Material provided section start

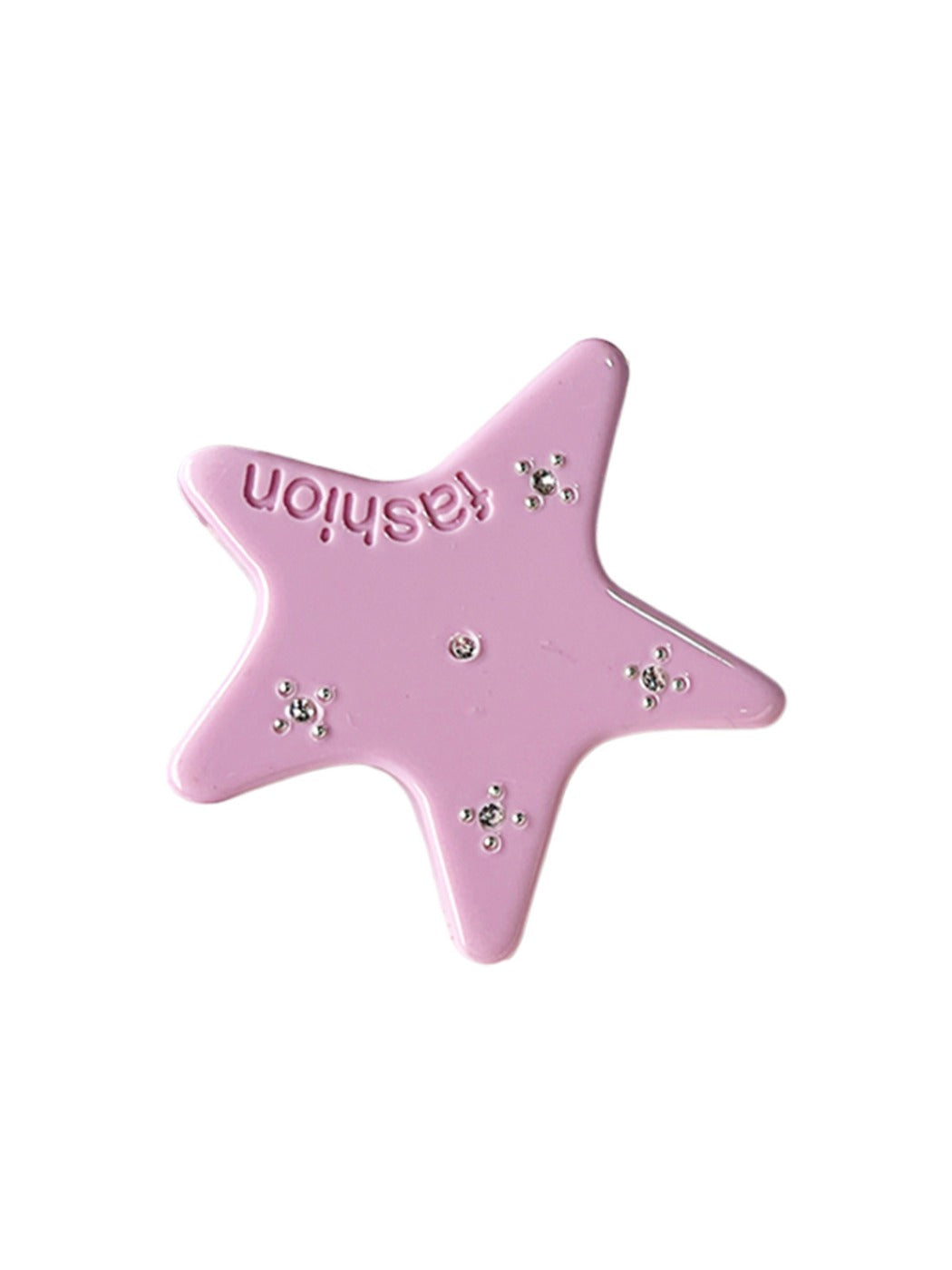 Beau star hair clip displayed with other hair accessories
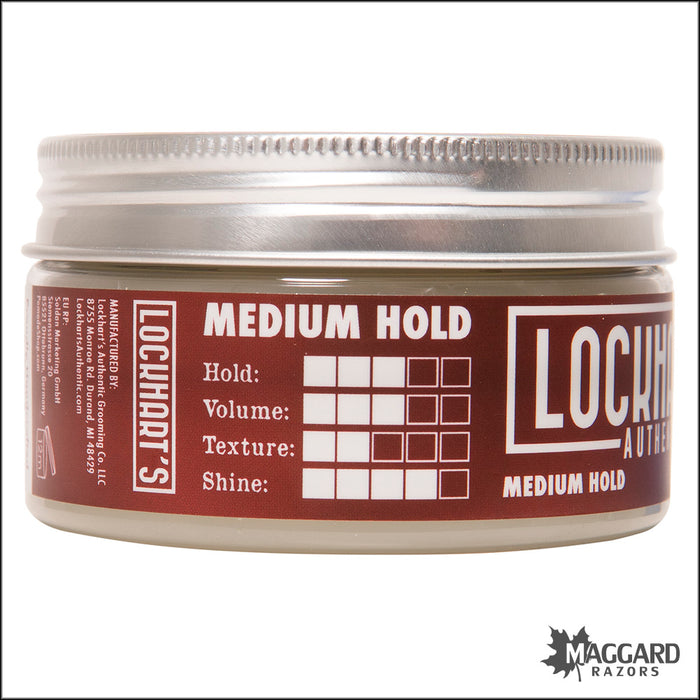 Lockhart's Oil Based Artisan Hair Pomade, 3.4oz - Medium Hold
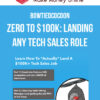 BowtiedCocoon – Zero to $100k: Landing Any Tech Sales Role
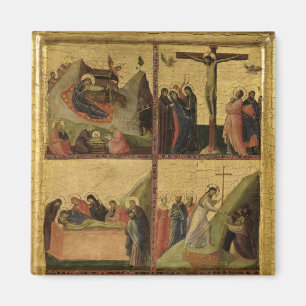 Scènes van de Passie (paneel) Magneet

Material provided section end

*Problem to solve*.
Please retype all of the material exactly, skipping whatever images it holds.

*Exercise output*.
 Beau star hair clip displayed with other hair accessories
 Lockhart's Oil Based Artisan Hair Pomade, 3.4oz - Medium Hold
 BowtiedCocoon – Zero to $100k: Landing Any Tech Sales Role
 Scènes van de Passie (paneel) Magneet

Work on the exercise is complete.